Décès d’Eva Kushner, pionnière du domaine littéraire québécois

Eva Kushner, une pionnière du domaine littéraire québécois, s’est éteinte samedi dernier à l’âge de 93 ans à Toronto. Celle qui a quitté sa Tchécoslovaquie natale en 1939 pour fuir l’Holocauste a été l’une des premières à analyser de manière critique la poésie québécoise, lorsqu’elle était professeure de littérature à l’Université Carleton et à l’Université McGill.
L’ancienne professeure est arrivée en France avec sa mère et sa soeur vers l’âge de 10 ans. Son père, pour sa part, se joint à l’escadron tchèque de la Force aérienne royale. La Shoah décime la famille : 27 membres de la parenté d’Eva Kushner — dont son grand-père, son oncle et sa tante — périssent dans les camps de concentration. Quelque temps après son entrée en territoire français, celui-ci devient occupé par l’Allemagne nazie. « Elles étaient de confession juive en France occupée, donc [ma mère] était toujours à risque », raconte son fils Roland Kushner.
Poètes québécoises
Après la Seconde Guerre mondiale, la famille Kushner se réunit à Montréal, où Eva Kushner fait des études à l’Université McGill et obtient un doctorat en littérature française en 1956. À partir des années 1960, en tant que professeure à l’Université Carleton, elle analyse la poésie québécoise et se penche plus particulièrement sur deux poètes : Rina Lasnier et Hector de Saint-Denys Garneau. Elle signe des livres à leur sujet entre 1962 et 1970. « Elle en était vraiment fière », témoigne Roland Kushner. « Elle ne pouvait arrêter de parler d’eux », dit-il.
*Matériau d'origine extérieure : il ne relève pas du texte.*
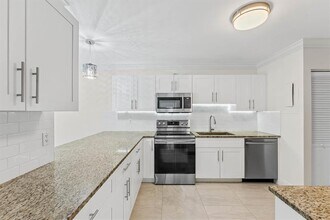 4741 Holly Lake Dr in Greenacres, FL - Building Photo - Building Photo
Kushner s’est intéressée aux femmes poètes au Québec à une époque où cela ne se faisait pas.
L’analyse de poésie québécoise est rare à l’époque. « Ils n’étaient pas nombreux à avoir écrit sur ça, à avoir fait des recherches, à avoir pris la peine de consacrer un ouvrage à un auteur québécois », explique Lucie Robert, professeure de littérature à l’Université du Québec à Montréal. « Kushner s’est intéressée aux femmes poètes au Québec à une époque où cela ne se faisait pas », note de surcroît Lucie Robert. Selon la professeure de l’UQAM, Eva Kushner a entretenu pendant longtemps une correspondance avec Rina Lasnier.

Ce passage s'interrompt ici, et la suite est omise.